How Automatic Renewal Could Cost Obamacare Enrollees
Last month I wrote that as the Obamacare open-enrollment period for 2015 approaches, the administration “faces a double-edged sword: Making reenrollment easier could result in premium increases for many individuals, particularly because the most widely subscribed plans have proposed significant rate hikes.” Two developments last Thursday appear to confirm that analysis.
First, the administration released proposed regulations regarding reenrollment for 2015. As some expected, the regulations confirmed that insurance exchanges would reenroll individuals in their existing plans if enrollees remain eligible for qualified health plans through the exchange and the plan in which they were enrolled remains available for renewal.
The same day, consultants at Avalere Health released an analysis showing that most low-cost plans have proposed sizable rate increases for 2015. In seven of the nine states Avalere analyzed, the lowest-cost “silver” plan would change; in six of the nine states, the second-lowest-cost silver plan would change.

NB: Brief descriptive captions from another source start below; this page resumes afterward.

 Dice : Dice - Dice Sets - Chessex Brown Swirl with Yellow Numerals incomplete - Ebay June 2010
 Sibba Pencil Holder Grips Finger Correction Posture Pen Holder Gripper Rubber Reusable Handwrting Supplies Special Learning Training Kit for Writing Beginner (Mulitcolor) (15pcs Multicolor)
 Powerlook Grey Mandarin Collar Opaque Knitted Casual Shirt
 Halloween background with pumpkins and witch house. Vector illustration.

These pricing changes have special importance: Federal insurance subsidies are tied to the price of the second-lowest-cost silver plan. Enrollees in plans with premiums greater than that benchmark stand to pay the full difference in premiums–without additional federal subsidies. The Avalere analysis demonstrates how costly such a decision could be. One hypothetical enrollee in Maryland would see her out-of-pocket premiums rise from $58 per month to $94, a 62 percent increase. In this instance, $32 of the $36 monthly premium increase stems from staying in a plan more costly than Maryland’s benchmark premium.

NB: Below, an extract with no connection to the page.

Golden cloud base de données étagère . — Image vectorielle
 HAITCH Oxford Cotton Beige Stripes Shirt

The administration no doubt views auto-enrollment as a way to minimize what even a supporter of the health-care law called the “massive technological challenge” associated with redetermining eligibility. But as The Wall Street Journal reported two weeks ago, the lowest-cost plans for 2014 have recorded some of the highest enrollments this year—and have proposed large increases for 2015. Unless millions of individuals switch plans, they could be in for some nasty spikes in their out-of-pocket premium costs come Jan. 1.